### Example Loading Model From HF Hub As Marlin

In [2]:
from auto_gptq import AutoGPTQForCausalLM

model_id = "TheBloke/Llama-2-7B-chat-GPTQ"
model = AutoGPTQForCausalLM.from_quantized(model_id, device_map="auto", use_marlin=True)

  from .autonotebook import tqdm as notebook_tqdm
INFO - The layer lm_head is not quantized.
Overriding QuantLinear layers to use Marlin's QuantLinear...: 100%|██████████| 454/454 [00:45<00:00, 10.00it/s]
INFO - Disabling fused attention and mlp injection because Marlin kernel is used
The safetensors archive passed at /home/robertgshaw/.cache/huggingface/assets/autogptq/TheBloke/Llama-2-7B-chat-GPTQ/autogptq_model.safetensors does not contain metadata. Make sure to save your model with the `save_pretrained` method. Defaulting to 'pt' metadata.


In [3]:
from transformers import AutoTokenizer
tokenizer = AutoTokenizer.from_pretrained(model_id)

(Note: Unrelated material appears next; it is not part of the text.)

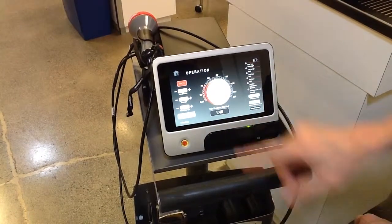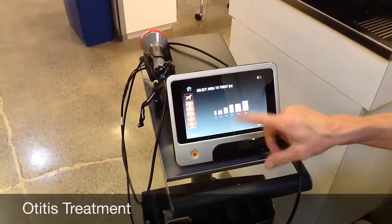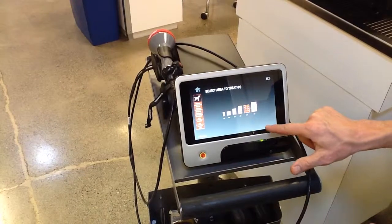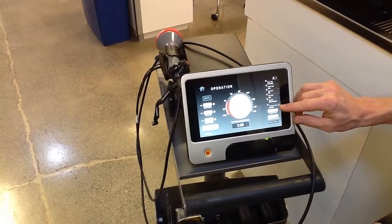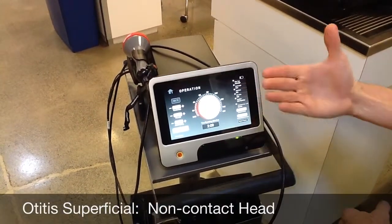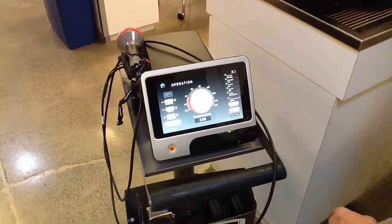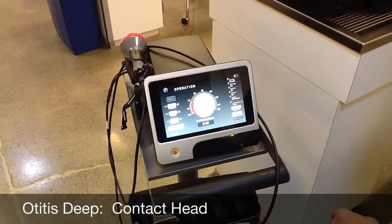You can hit the max button or adjust the dial up or down and your dose does not change. For otitis, it asks for the size of the pinna and external ear canal — always err on the side of slightly larger. This takes you through two treatment areas: first is otitis superficial, using the non-contact head; when done with area one, it tells you to go to area two. Many of these will be bilateral treatments, so you repeat for the other ear, switching treatment heads twice — from superficial to deep — each time.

text = "In a galaxy far, far away"
inputs = tokenizer(text, return_tensors="pt").to("cuda")

print("--- marlin:")
out = model.generate(**inputs, max_new_tokens=50)
print(tokenizer.decode(out[0], skip_special_tokens=True))

--- marlin:
In a galaxy far, far away, a group of rebels are on a mission to save the galaxy from the evil Empire.
The rebels are led by a young farm boy named Luke Skywalker, who is still learning the ways of the Force. Alongside


In [None]:
save_dir = "./llama-marlin"
model.save_pretrained(save_dir)
tokenizer.save_pretrained(save_dir)

#### Restart the runtime

In [1]:
from auto_gptq import AutoGPTQForCausalLM

model_id = "TheBloke/Llama-2-7B-chat-GPTQ"
save_dir = "./llama-marlin"

model_reloaded_cached = AutoGPTQForCausalLM.from_quantized(model_id, device_map="auto", use_marlin=True)
model_reloaded_serialized = AutoGPTQForCausalLM.from_quantized(save_dir, device_map="auto", use_marlin=True)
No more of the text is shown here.